[Records for the exercise — start]

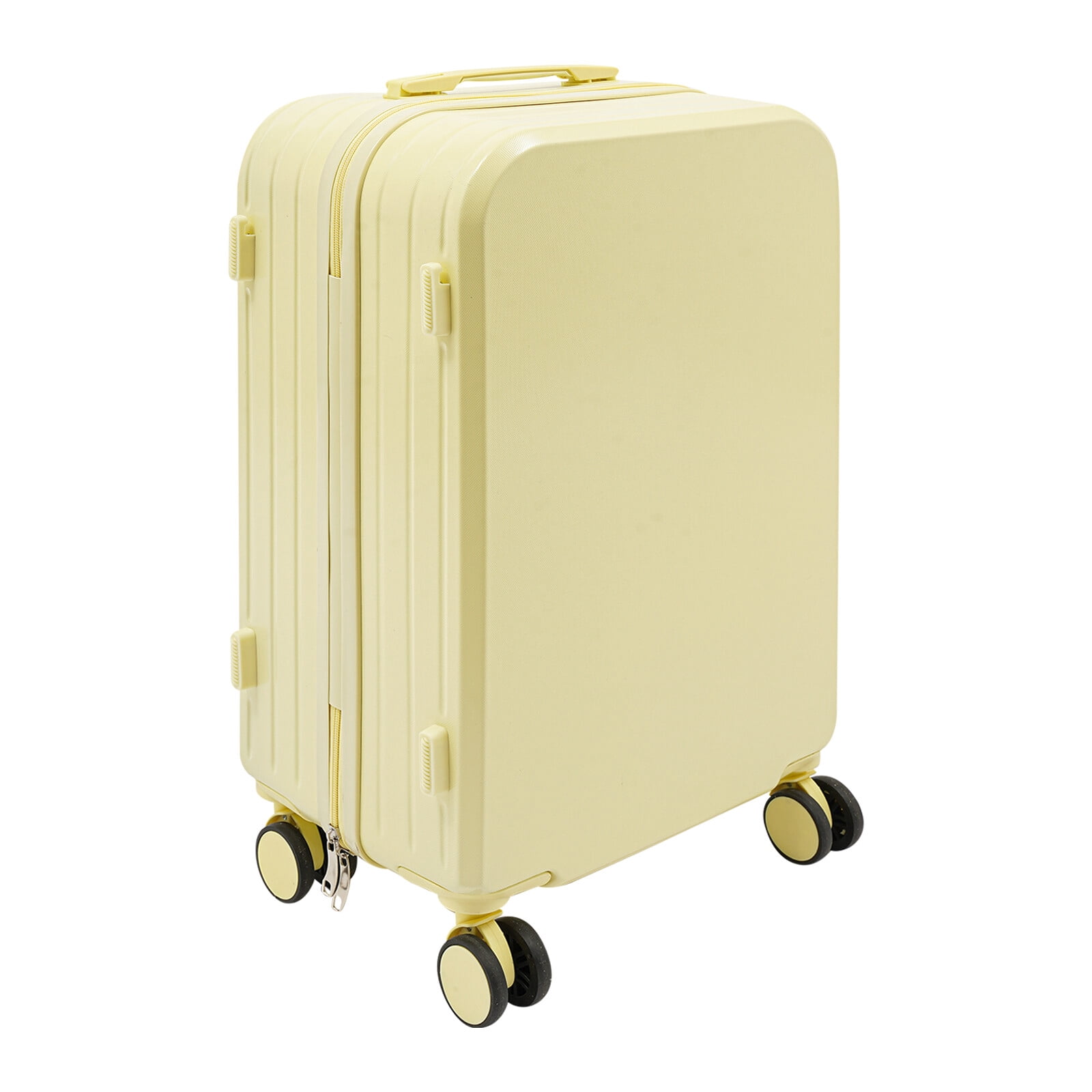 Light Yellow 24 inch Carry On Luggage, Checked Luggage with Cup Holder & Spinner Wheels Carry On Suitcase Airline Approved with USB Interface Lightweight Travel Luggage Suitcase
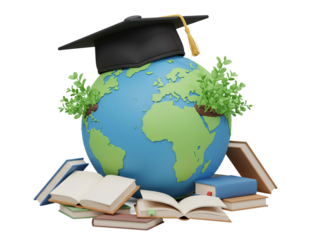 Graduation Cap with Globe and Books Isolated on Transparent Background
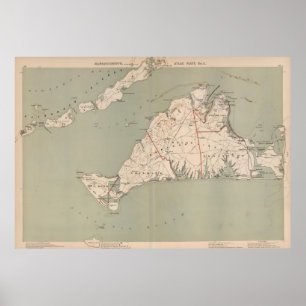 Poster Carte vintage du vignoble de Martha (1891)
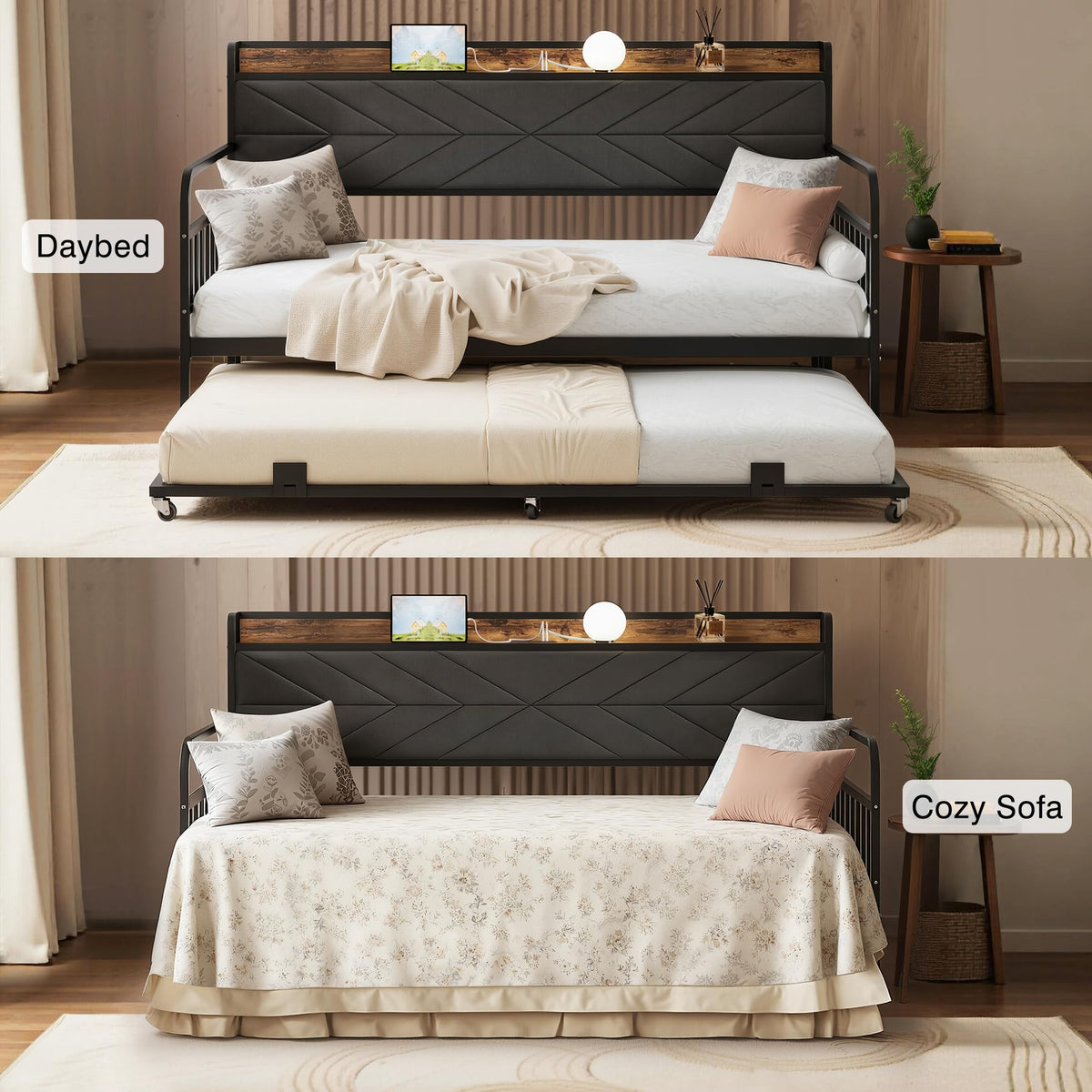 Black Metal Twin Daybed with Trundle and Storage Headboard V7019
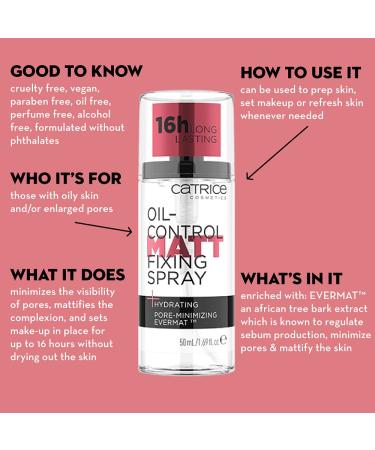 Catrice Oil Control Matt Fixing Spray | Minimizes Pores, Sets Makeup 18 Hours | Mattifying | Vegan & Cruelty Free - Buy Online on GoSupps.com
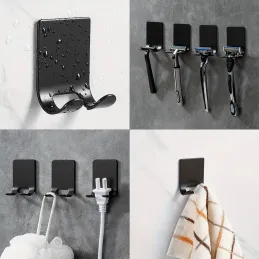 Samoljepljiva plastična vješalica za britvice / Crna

[Records for the exercise — finish]

About this task
Please output the data above exactly as given, omitting every picture.

Answer to this problem
 Light Yellow 24 inch Carry On Luggage, Checked Luggage with Cup Holder & Spinner Wheels Carry On Suitcase Airline Approved with USB Interface Lightweight Travel Luggage Suitcase
 Graduation Cap with Globe and Books Isolated on Transparent Background
 Poster Carte vintage du vignoble de Martha (1891)
 Black Metal Twin Daybed with Trundle and Storage Headboard V7019
 Catrice Oil Control Matt Fixing Spray | Minimizes Pores, Sets Makeup 18 Hours | Mattifying | Vegan & Cruelty Free - Buy Online on GoSupps.com
 Samoljepljiva plastična vješalica za britvice / Crna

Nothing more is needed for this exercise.